With Almanac, “it’ll be the cornerstone of our real estate strategy. But we’ll leverage off and contribute to those adjacent strategies,” Walker said. “In my mind, it’s Neuberger Berman saying really quite loudly that real estate is really important to us.”   

“In my mind, it’s Neuberger Berman saying really quite loudly that real estate is really important to us.”
George Walker
Neuberger Berman

Meanwhile, Almanac, which was founded in 1981 as the real estate unit of investment bank Rothschild before spinning out as an independent firm in 2007, was considering how to further expand its business. “We started thinking about our opportunity set,” Matthew Kaplan told PERE. “It’s getting bigger every day, not smaller. We’ve got to evolve into that.”  

Having been approached by 40-50 suitors over the past four years, the New York-based firm began a strategic review in the summer of 2018, hiring Berkshire Global Advisors as financial advisor. Out of a list compiled by Berkshire of more than 100 potential buyers, Almanac chose to contact 12 groups that autumn, going on to sign a term sheet with Neuberger Berman in July 2019, followed by a sales agreement in December. “We wanted to maintain our investment independence, which is probably the toughest thing of all when you’re looking at something like this,” said Kaplan. “It was pretty evident that Neuberger Berman had the most compelling construct and setup for us.”  

Almanac Matt Kaplan
Matthew Kaplan

As part of Neuberger Berman, Almanac will maintain its current investment committee, which will include all five partners of Almanac Kaplan, Andrew Silberstein, Justin Hakimian, Josh Overbay and Pike Aloian and the addition of managing director of David Haltiner. No Neuberger Berman executives will sit on the committee. 

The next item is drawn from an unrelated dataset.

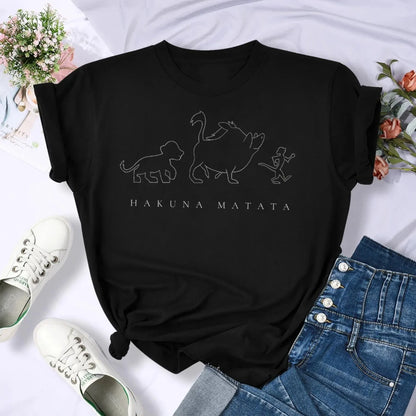 Camiseta Disney Hakuna Matata para Mujer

Under the transaction, the five partners at Almanac are selling their shares in the firm in exchange for a combination of cash and stock in the employee-owned Neuberger Berman, which counts 400 to 500 shareholders among its 2,200 professionals worldwide. Over time, the opportunity to buy stock will be made available to others in the Almanac business. 

Post-sale, Kaplan expects the Almanac business could grow from its current $4 billion in assets under management to $10 billion over the next five years and to more than $20 billion over the next decade, via expansion in four areas. Two are its existing flagship fund and public real estate investment trust securities businesses which are expected to benefit from the support of Neuberger Berman’s data science and capital raising teams, respectively.  

Meanwhile, Almanac is seeking to launch a new venture that could scale up to $5 billion to $10 billion over the next five years. The venture would target well-established companies that have stable ownership and good assets and are in search of minority capital. “That’s the big moving piece around here,” Kaplan said. “In the next five, 10, 15 years, there’s probably going to be a lot more of those types of companies out there and a really interesting opportunity set for ourselves and our LPs.” 

The other new venture will target international investment opportunities, particularly in Europe, and is potentially a $2 billion-$5 billion business over the next half-decade. “There’s a lot more teams over there that are a lot more entrepreneurial and are a lot more focused on what people here are focused on in North America, in terms of building a company, creating value for the shareholders, creating value out of the real estate, creating value for themselves,” he said.  

Almanac will sit within Neuberger Berman’s $98 billion alternatives unit, which also encompasses private equity, alternative credit, hedge funds and insurance linked strategies, although reporting lines have yet to be finalized. The company’s other investment units include equity, which manages $106 billion in assets, and fixed income, which manages $160 billion. 

Neuberger Berman’s alternatives unit also includes its Dyal Capital Partners business, which acquires minority stakes in alternative firms that include real estate managers such as Starwood Capital Group and Round Hill Capital. Those stakes typically are in the 10-20 percent range and do not involve taking board seats at the firms. By contrast, Almanac’s investments involve owning roughly 50 percent of a portfolio company and holding board seats.